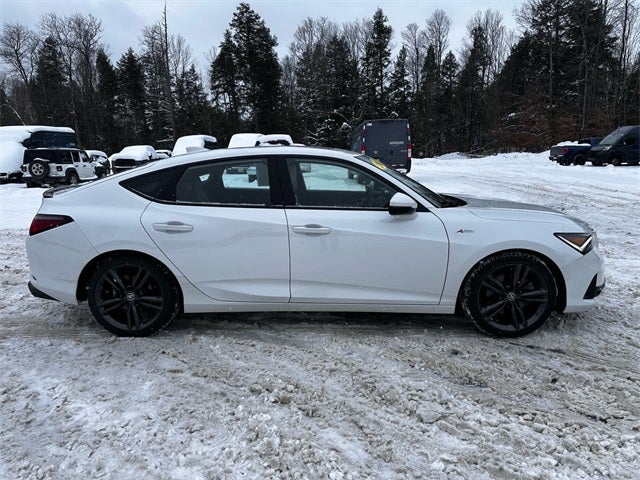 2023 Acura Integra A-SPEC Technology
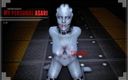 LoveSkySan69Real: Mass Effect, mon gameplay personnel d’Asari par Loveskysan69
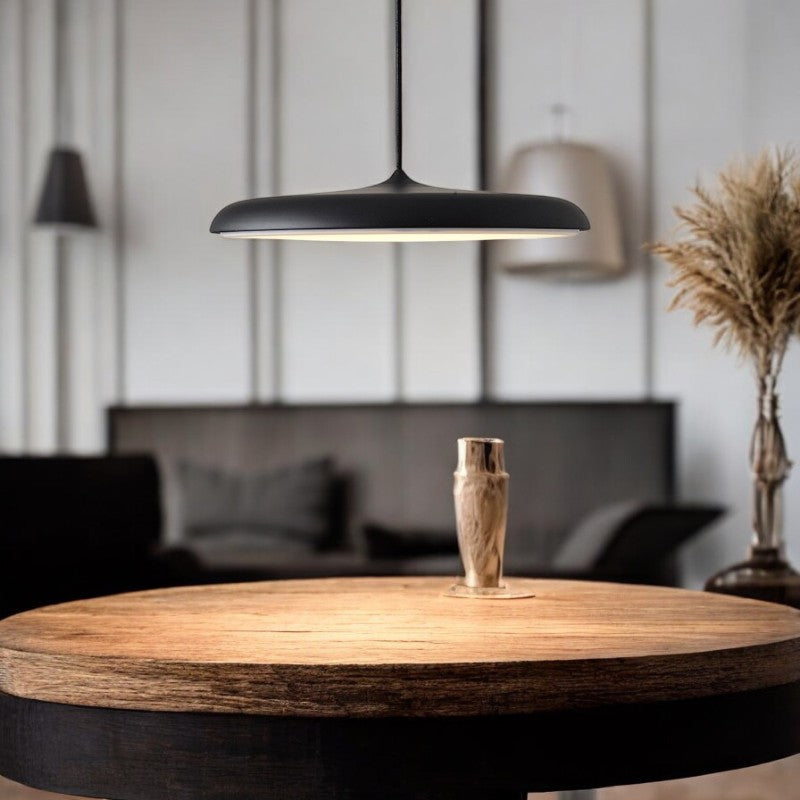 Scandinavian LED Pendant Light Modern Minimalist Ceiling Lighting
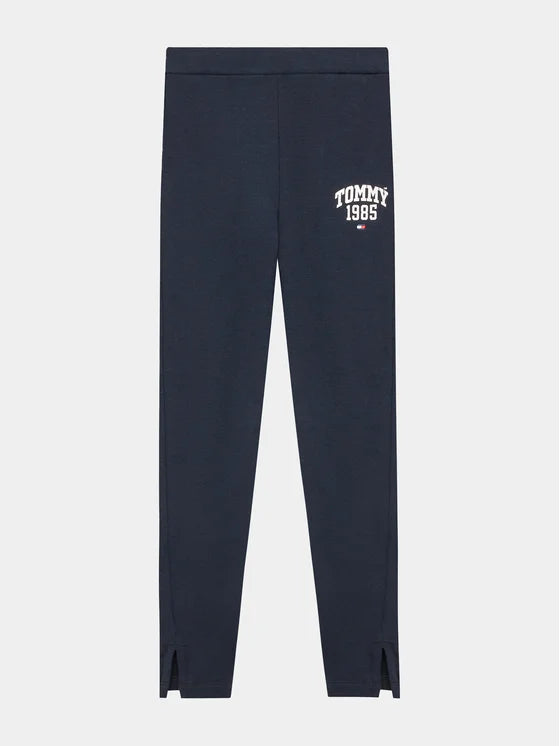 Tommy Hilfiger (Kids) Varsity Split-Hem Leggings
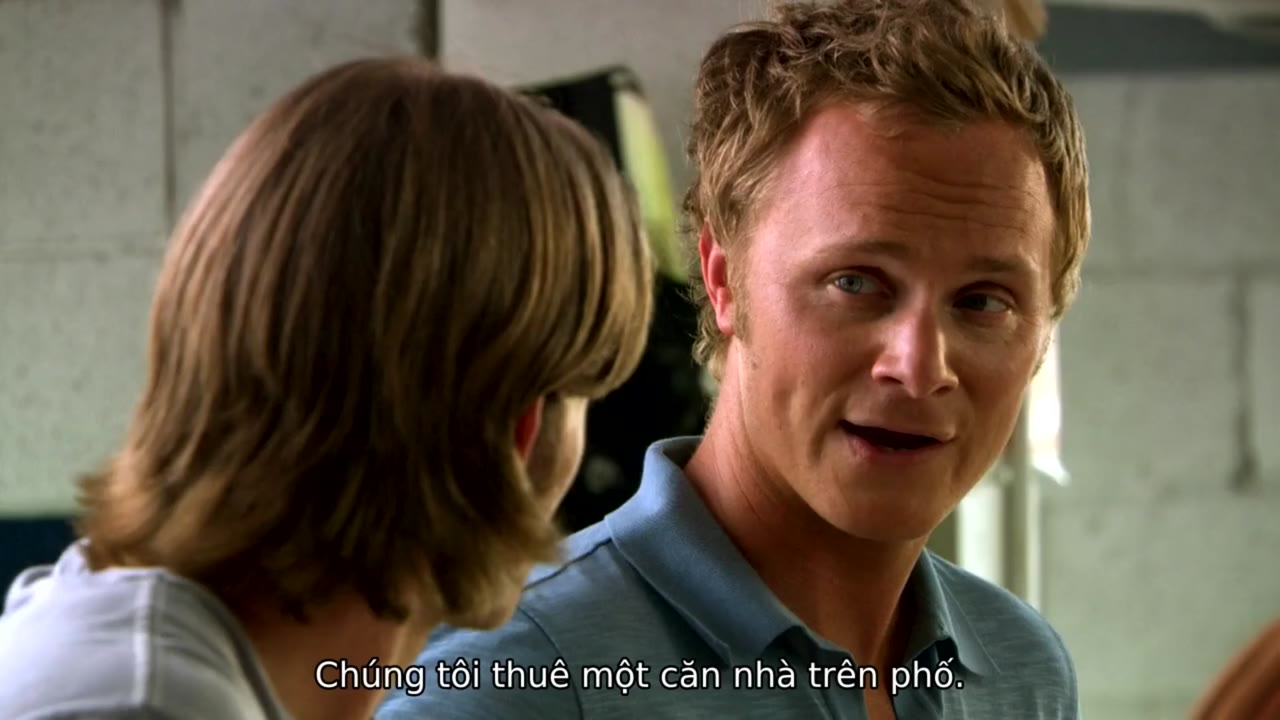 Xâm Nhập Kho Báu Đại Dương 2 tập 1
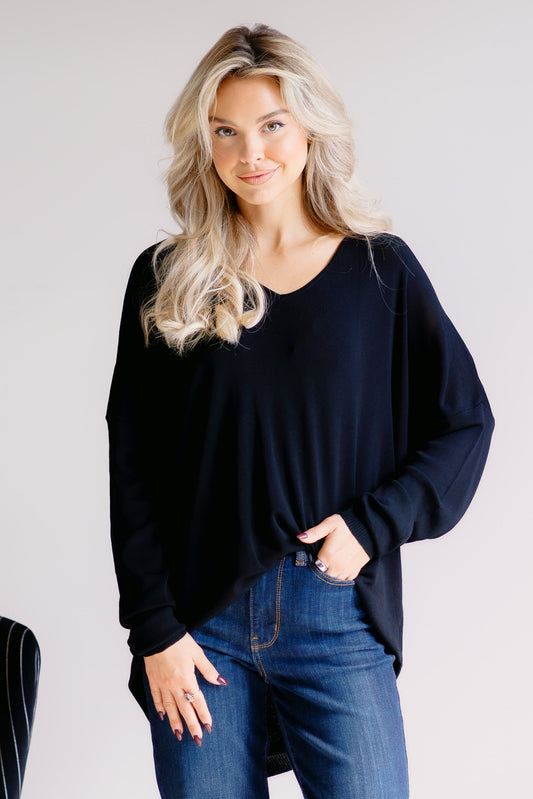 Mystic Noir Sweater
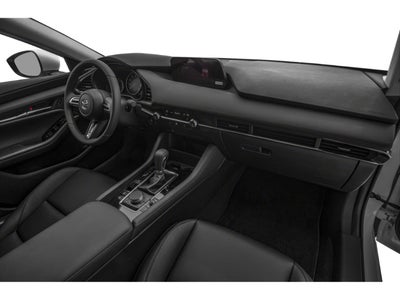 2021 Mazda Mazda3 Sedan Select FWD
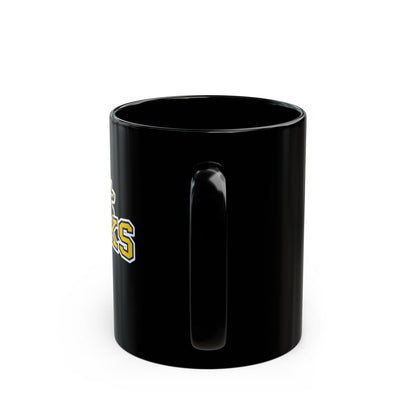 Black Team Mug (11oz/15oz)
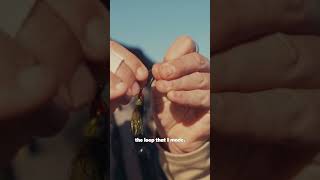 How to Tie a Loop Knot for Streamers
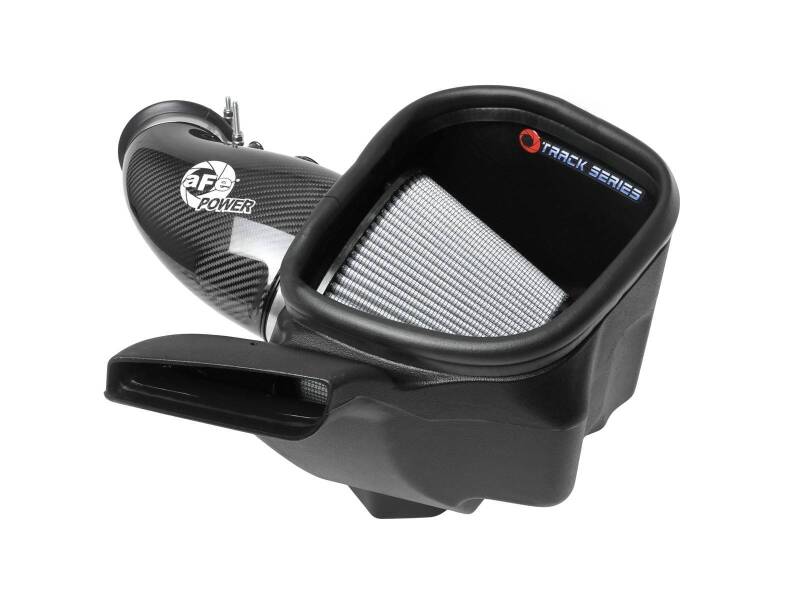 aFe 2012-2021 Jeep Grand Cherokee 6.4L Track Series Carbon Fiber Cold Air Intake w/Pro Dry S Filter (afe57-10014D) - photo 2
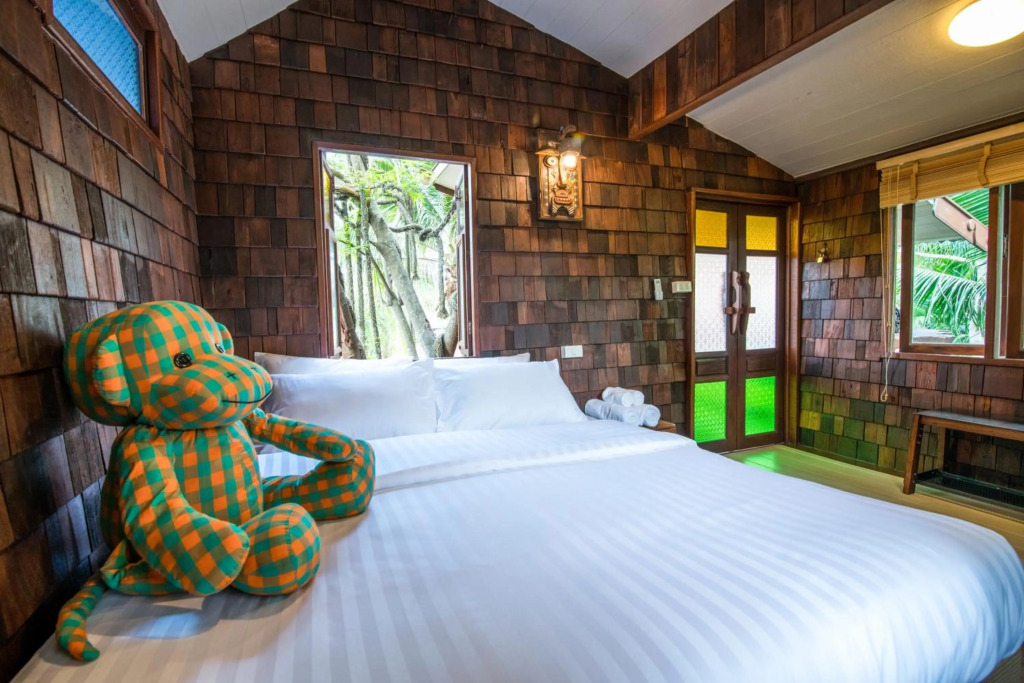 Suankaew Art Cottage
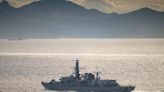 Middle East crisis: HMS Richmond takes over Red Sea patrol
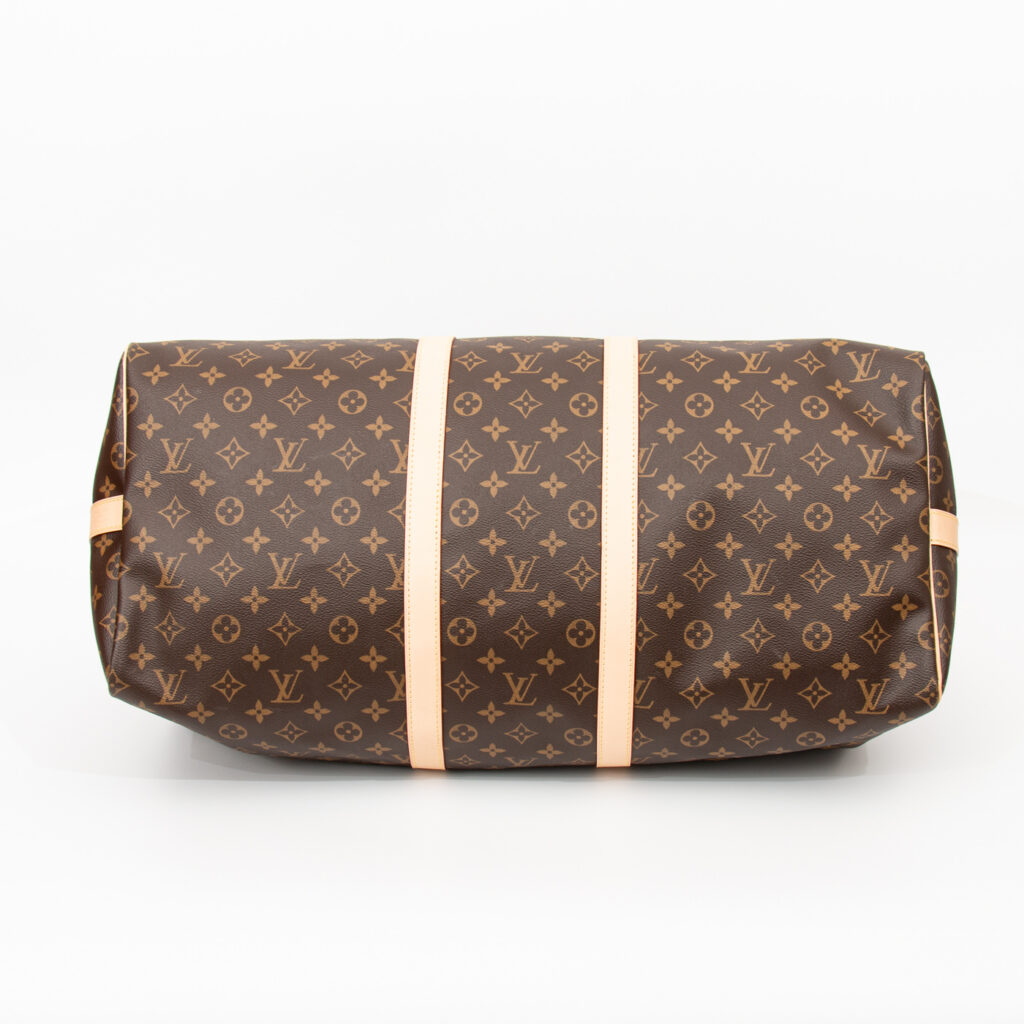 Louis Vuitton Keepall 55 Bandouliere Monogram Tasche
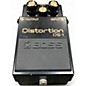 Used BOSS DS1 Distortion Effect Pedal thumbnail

--------------------------------

#### Work instructions
Transcribe only the lines between the line containing "Louis Vuitton Keepall" and the final line of the listing, inclusive, exactly as they appear; no pictures are to be included.

#### Expected answer
 Louis Vuitton Keepall 55 Bandouliere Monogram Tasche
 Used BOSS DS1 Distortion Effect Pedal thumbnail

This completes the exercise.